La surprise russe

L'armée Rouge envahit la Pologne le 17 septembre 1939

A l'aube du 17 septembre, l'armée Rouge traversait la frontière polonaise sur une longueur de 1 500 kilomètres, de la Dvina au Dniestr. Ce fut une surprise totale pour le gouvernement et le haut commandement polonais, de même que pour le haut commandement allemand.
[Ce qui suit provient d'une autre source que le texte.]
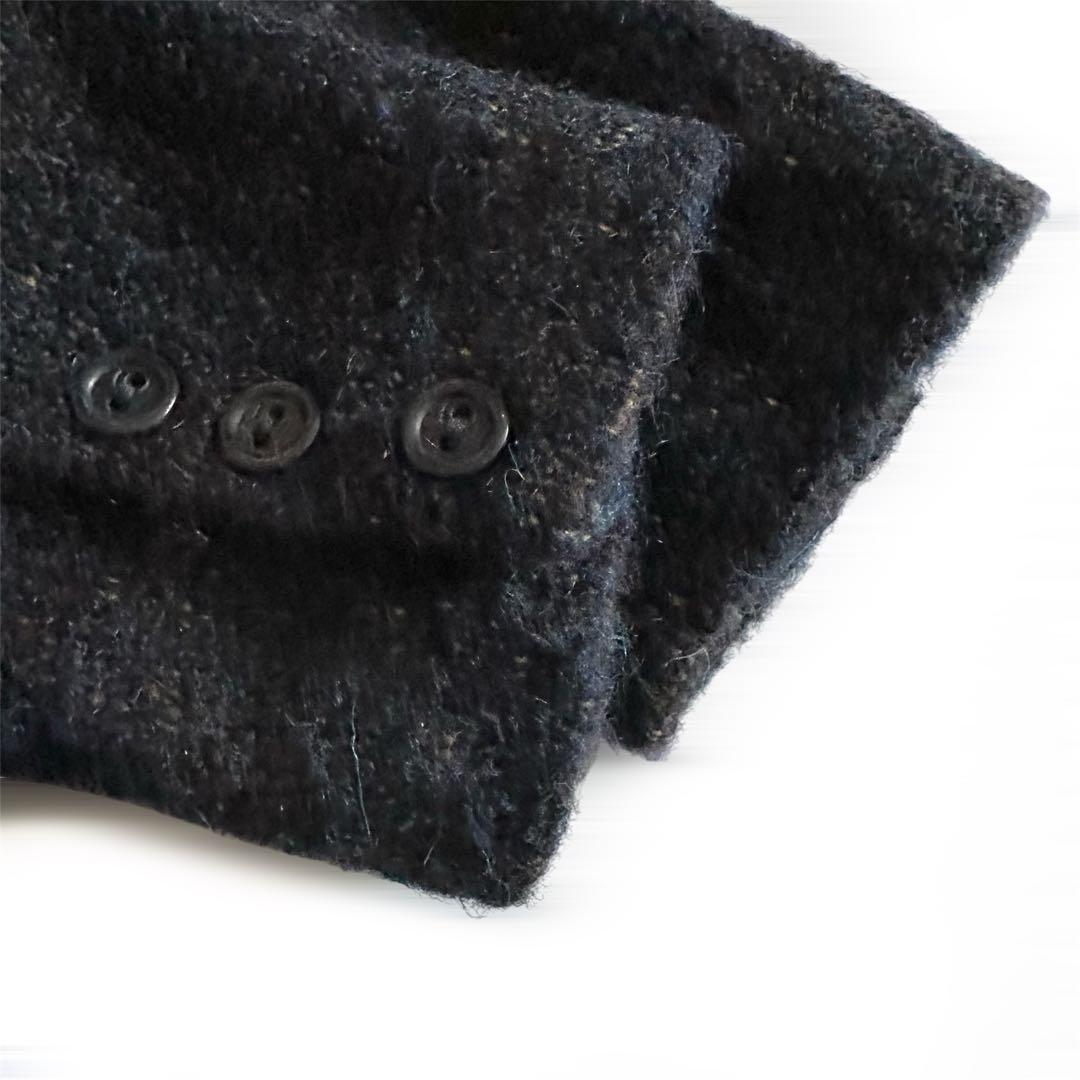 Cotelac コテラック チェスターコート モヘヤ アルパカ ウール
Les deux groupes d'armées soviétiques étaient celui de Russie Blanche, qui comprenait quatre armées, et celui d'Ukraine, qui en comprenait trois. La XII° armée, la plus au sud, était la plus mécanisée : sa mission était de couper les Polonais de la Roumanie et de la Hongrie. La frontière polonaise n'était défendue que par 18 bataillons et 5 escadrons de cavalerie du corps de défense frontalière (KOP) ; il n'est donc pas étonnant que, les deux premiers jours, 17 et 18 septembre, les avant-gardes russes aient avancé de 100 kilomètres en territoire polonais. L'attitude de l'armée Rouge semblait ambiguë. Au début, les troupes russes paraissaient éviter tout combat, et l'on murmurait même qu'elles étaient venues aider les Polonais. La situation devint moins équivoque quand les unités polonaises furent désarmées et faites prisonnières.
L'armée soviétique, ayant traversé le Dniestr, menaçait Kolomyja, où se trouvait le haut commandement polonais. On ne pouvait plus tergiverser. Ordre fut donné aux troupes de se replier vers les frontières roumaine et hongroise, de résister aux Allemands, mais de ne combattre les Russes qu'en cas d'attaque ou s'ils tentaient de les désarmer. Il fut arrêté que le président et le gouvernement gagneraient la France par la Roumanie puis, devant l'attitude compréhensive des autorités de ce pays, le commandant en chef décida également de s'y replier. Mais, le gouvernement de Bucarest ayant cédé à la pression allemande, ils furent tous internés le lendemain, 18 septembre, et transférés dans les villes de l'intérieur.